Порой Таутгинас и сам не чувствовал, как ноги несли его к той женщине, но… Привычные сцены ревности, упреки, раскаяние… Как все это ему противно! Опомнившись, он замечает две рюмки, стоящие на столике, початую бутылку вина, красноватый свет с улицы, заливающий уставленную цветами комнату. Дом Каружене стоит у самой улицы, напротив забегаловки, и порой слышно, как оттуда с шумом вываливаются пьяные, как тарахтят по мостовой телеги и цокают подковами лошади. Телеги и запоздалые пьяницы, кажется, вырастают между ней и Майштасом, и тогда вдруг глубокая пропасть разверзается между ними. Мало того, заслышав какие-то важные, полные для нее одной какого-то значения звуки, Каружене встает, направляется к окну и вслушивается в тишину. Чего она ждет? Кого надеется встретить? Зрачки ее расширены, лицо озарено тусклым светом уличного фонаря, рука, придерживающая занавеску, неподвижна, и такая тишина окутывает все вокруг, что, кажется, она крошится и в ней трескаются листья фикуса, потом тишину снова разрывает пьяный окрик или грохот тележных колес, летящих под гору, как в бездну…
Но вот Каружене неслышными шагами приближается к нему, осторожно трогает рукой его лицо, гладит голову, лежащую на мягкой подушке, ерошит волосы, прикасается к губам… Не обижайся, не гневайся на меня, не ярись. И ревновать нечего — я твоя, хоть, может, и скверная, но… Я знаю, тебе нужна не такая женщина, прости меня, шепчет ее рука. И ему передается трепет ее тела, успокойся, говорит она… Ты так устал, ты совершенно измочален, я твоя, я с тобой, успокойся, хоть на минуту. Ее душистые волосы шелестят, покрывают его лицо, губы сливаются воедино, превращаясь в один бесконечный вожделенный рот.

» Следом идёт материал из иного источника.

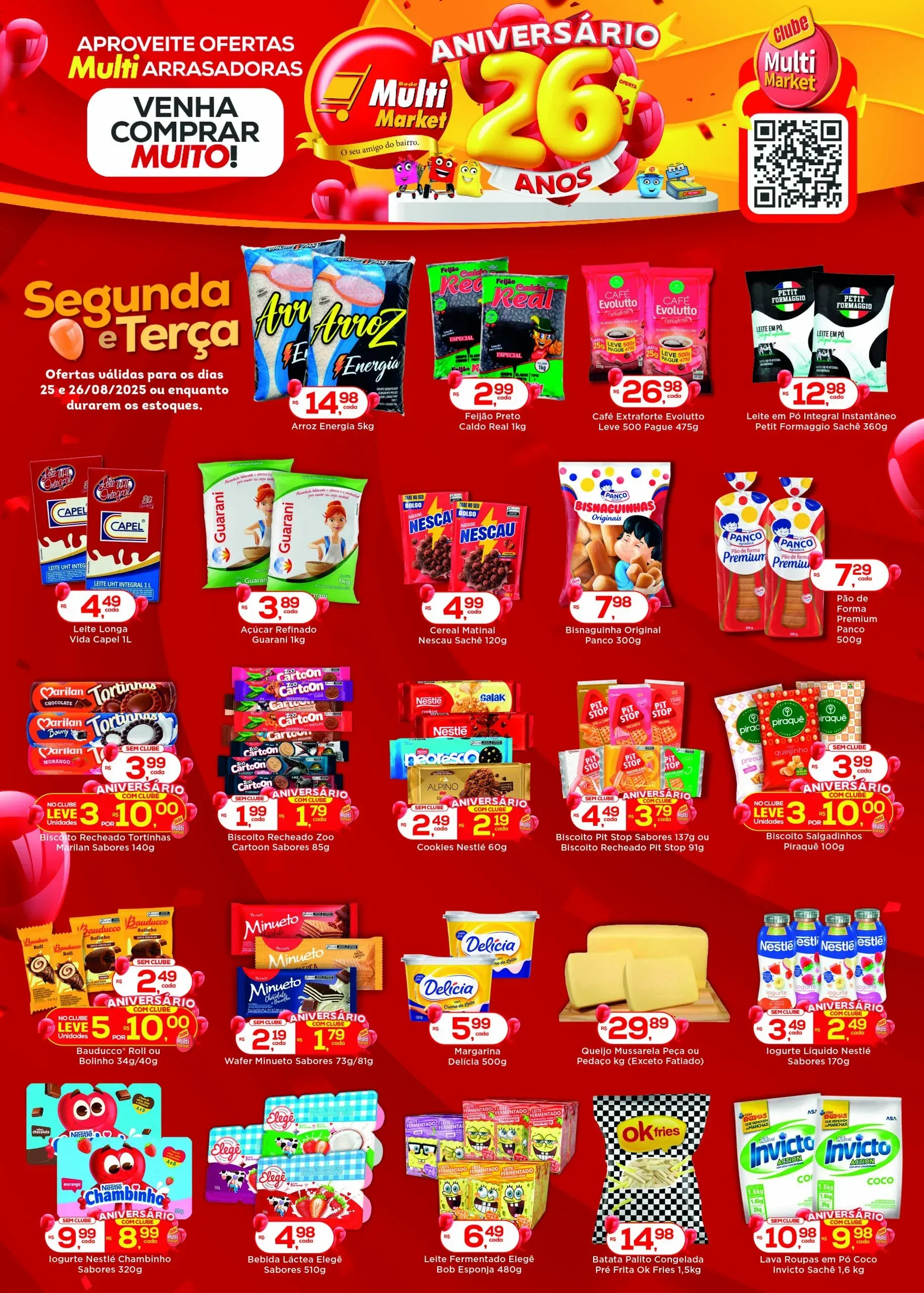 Encarte de  Folhetos Rede Multi Market 25 de agosto até 28 de agosto 2025 - Pagina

Порой он отстраняет ее руку. И тогда в ночи раздается всхлипывание и мнится: кто-то скачет на лошади, где-то цокают подкованные сапоги. В сосновой роще, там, где кладбище, гремят выстрелы. Разве она не отомстила своему мужу, повязавшему на рукав белую повязку? У Майштаса не было сил оттолкнуть ее, а может, не только сил, но и права, к тому же, ему жалко ее. Она такая же беспризорная, непонятая, окруженная со всех сторон бюрократами, такими, как тот районный деятель, по уши заваленный бумагами и кричащий: «Я! Я!» Только уж слишком она наряжается, прихорашивается, слишком любит себя — как же ее перевоспитать? Да и к другим мужчинам льнет. Почему?
— Я чуть ли не на десять лет старше тебя, — сказала она однажды, когда Таутгинас сорвался и напустился на нее. — Все равно ты от меня уйдешь, хоть и сам пока в это не веришь, пока этого не знаешь — я для тебя как путы. Ты сам себя не знаешь, Таутгинас.
Но разве такие слова могли убедить мужчину, который был готов ради нее на все?
— А кроме того, — усмехалась она, — для тебя любовь только пережиток прошлого, ты сам так говорил.
Он приходил к ней, думая, что приходит не надолго, только взглянуть, как она живет, одолжить книгу, перемолвиться словом-другим, а проводил у нее дни и ночи. Каружене сама начинала искать его, если он долго не показывался.
Как говаривал Вигандас Мильджюс, под грозной маской владыки скрывался другой Майштас, настоящий, отвергающий всякие обязательства и расчеты. Его натура все время устраивала ему ловушки. В то время, когда он, еще не зная, куда пойдет, брился, одна его натура знала, куда он направится, что будет делать; знала, почему он петляет по глухим улочкам, где может встретить Каружене. Какие бы громогласные заявления он ни делал, как бы ни разглагольствовал, его тайные наклонности и желания находили уйму предлогов, о которых разум не догадывался, невольно брали его под руку и вели, а ему потом оставалось только возмущаться собой и удивляться. Иногда бывает так, что чем сильнее воля, решимость, тем эта скрытая сила, живущая в тебе, коварнее. Даже воздух местечка был пронизан для Таутгинаса сокровенной сутью этой женщины, даже осенний, клубящийся над землей туман волновал его, словно это было ее дыхание. Таутгинас, по словам Вигандаса, олицетворял собой внутреннее поле борьбы, но отнюдь не победу. То же самое относилось к его поэзии: полное обезличивание являлось только иллюзией. Бежать от себя, отречься от себя, зачеркнуть себя человек не в состоянии, как бы он ни старался. Порой такое самоотречение — не что иное, как обратная сторона самовозвеличивания.